**Task goal**
Every record here must be copied exactly, except for the images it holds.

Material provided Block Start

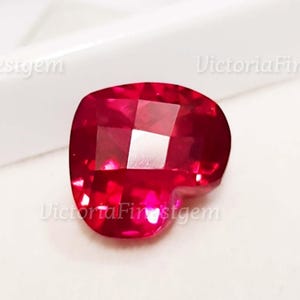 May include: A faceted, heart-shaped gemstone in a vibrant shade of red. The gem has a polished surface with multiple facets that catch the light, creating a sparkling effect. The gemstone is set against a white background.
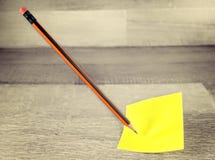 Sticky notes and pencil questions or decision making concept stock images Sticky notes and pencil questions or decision making concept stock images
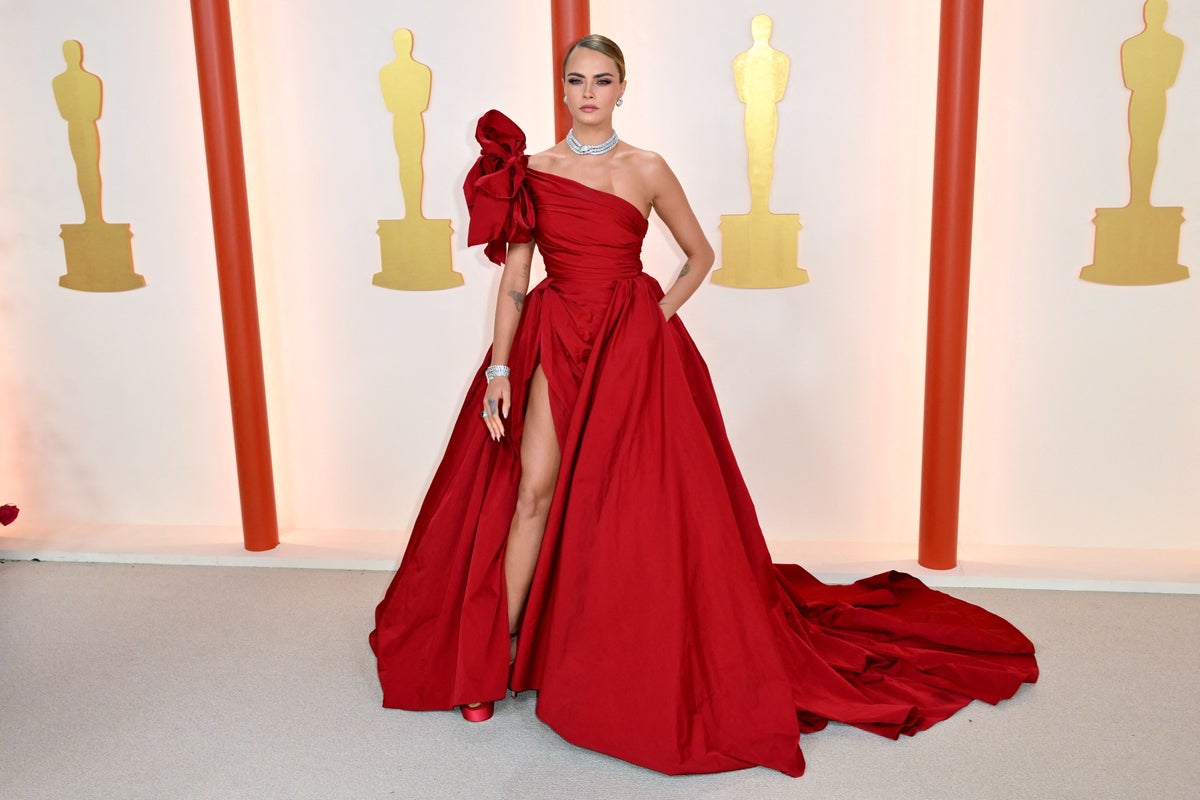 Fans applaud Cara Delevingne for Oscars appearance days after admitting paparazzi photos drove her to rehab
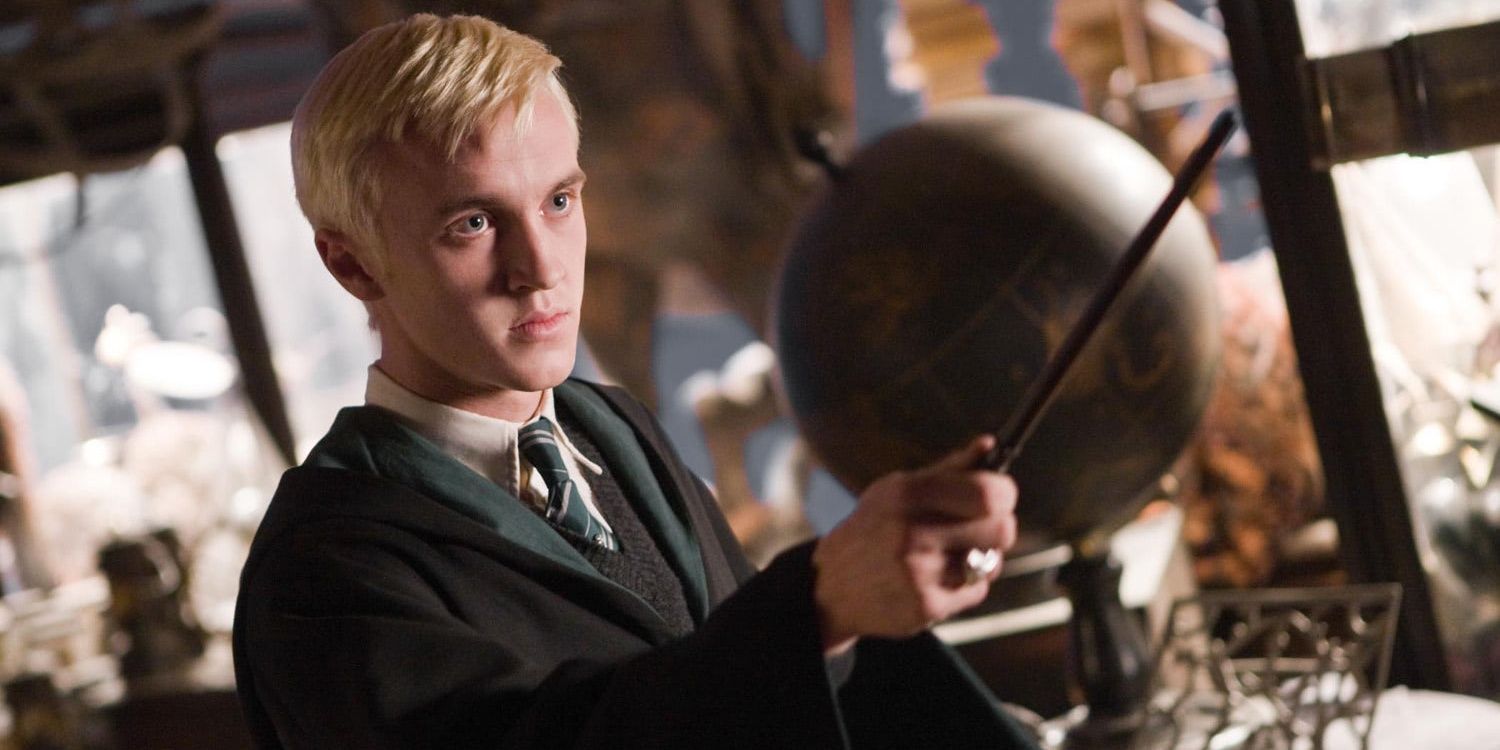 Draco Malfoy holding his wand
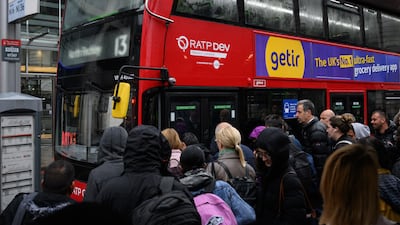 Commuters queue to board packed buses at Victoria Station as a tube strike affects the Monday morning rush hour in London. Getty Images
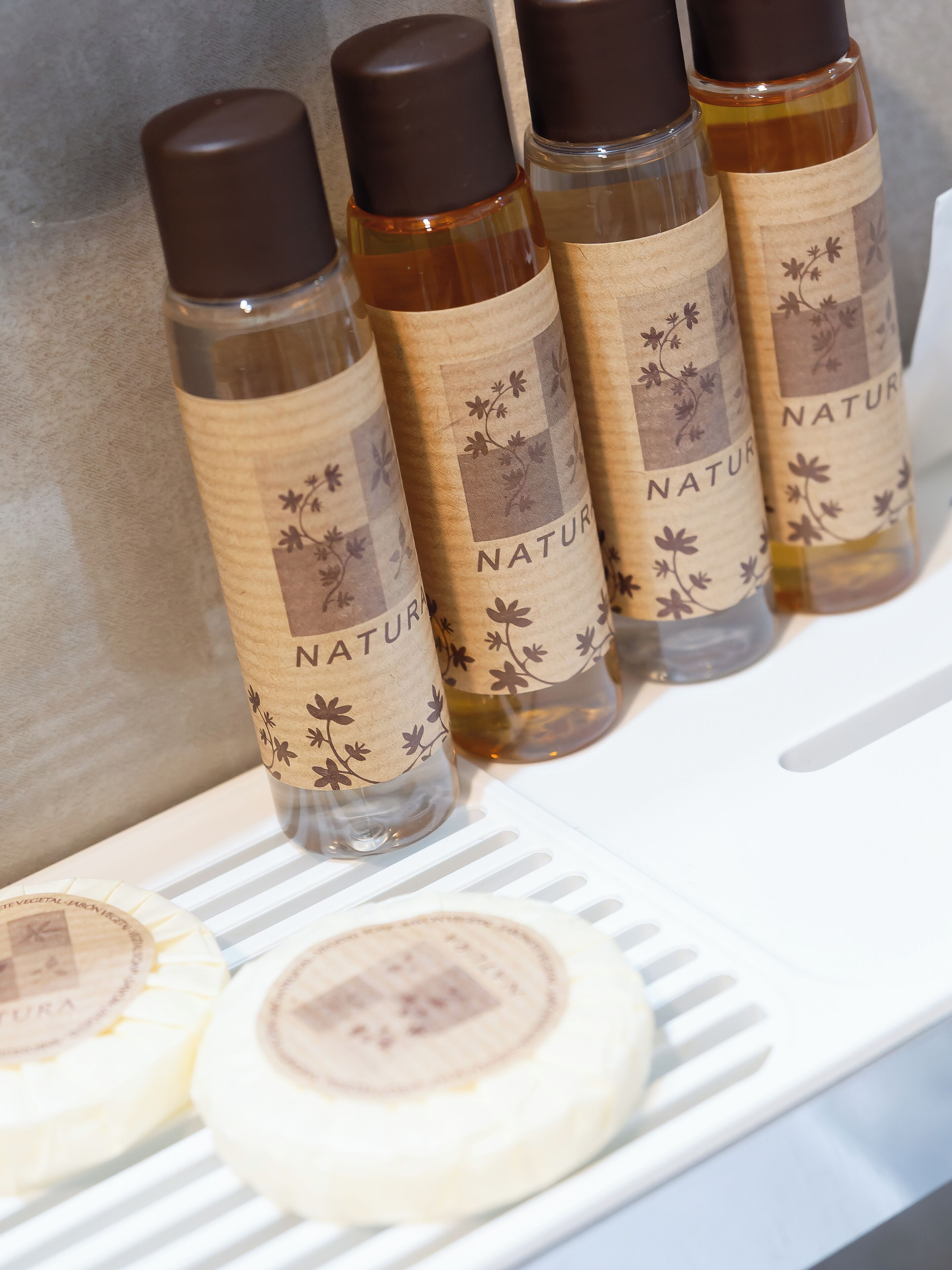 Una estantería con botellas etiquetadas 'NATUR' y unos cuantos recipientes redondos.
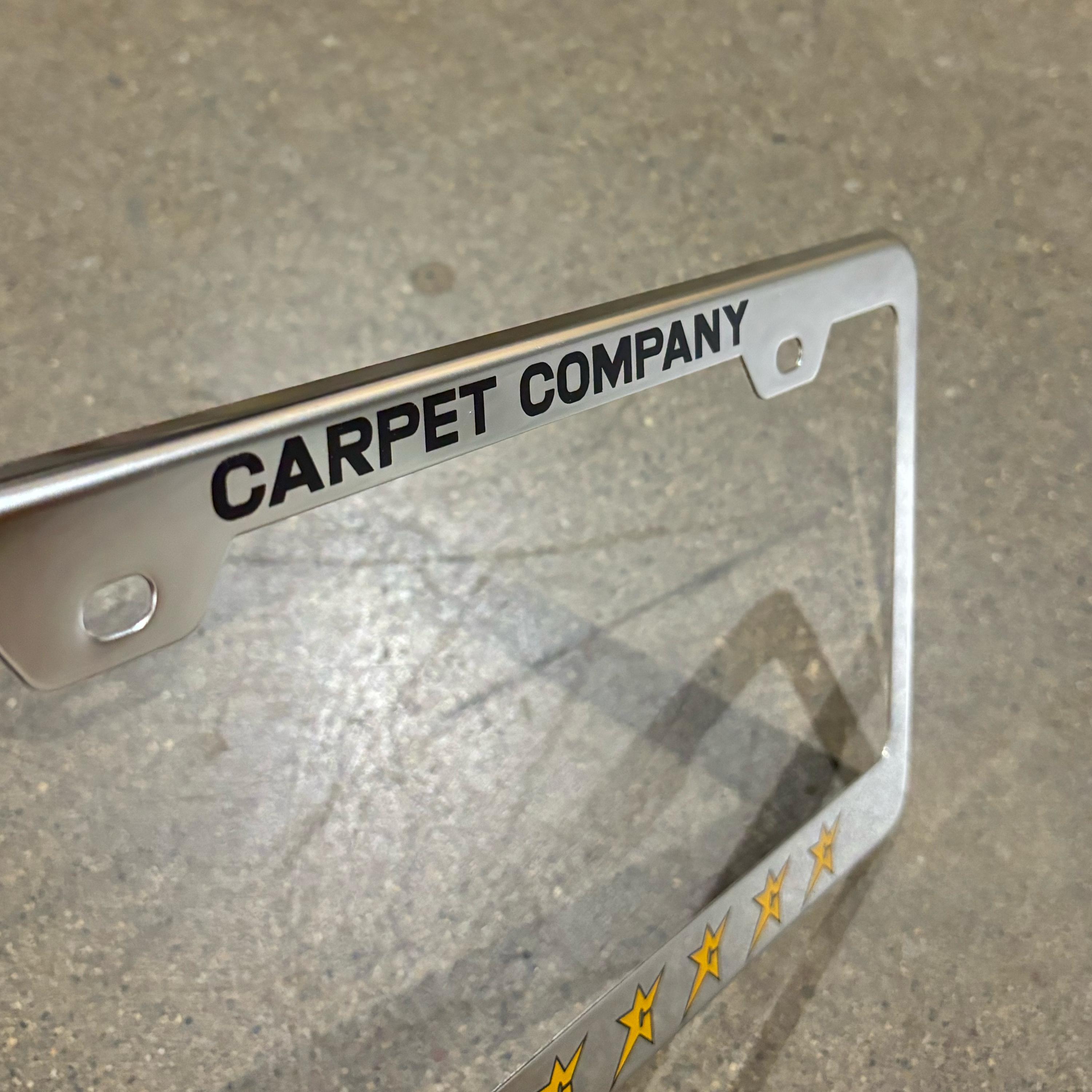 DETAIL IMAGE OF THE CARPET COMPANY FONT AND C-STAR LOGOS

Material provided Block End

**Answer section**
 May include: A faceted, heart-shaped gemstone in a vibrant shade of red. The gem has a polished surface with multiple facets that catch the light, creating a sparkling effect. The gemstone is set against a white background.
 Sticky notes and pencil questions or decision making concept stock images Sticky notes and pencil questions or decision making concept stock images
 Fans applaud Cara Delevingne for Oscars appearance days after admitting paparazzi photos drove her to rehab
 Draco Malfoy holding his wand
 Commuters queue to board packed buses at Victoria Station as a tube strike affects the Monday morning rush hour in London. Getty Images
 Una estantería con botellas etiquetadas 'NATUR' y unos cuantos recipientes redondos.
 DETAIL IMAGE OF THE CARPET COMPANY FONT AND C-STAR LOGOS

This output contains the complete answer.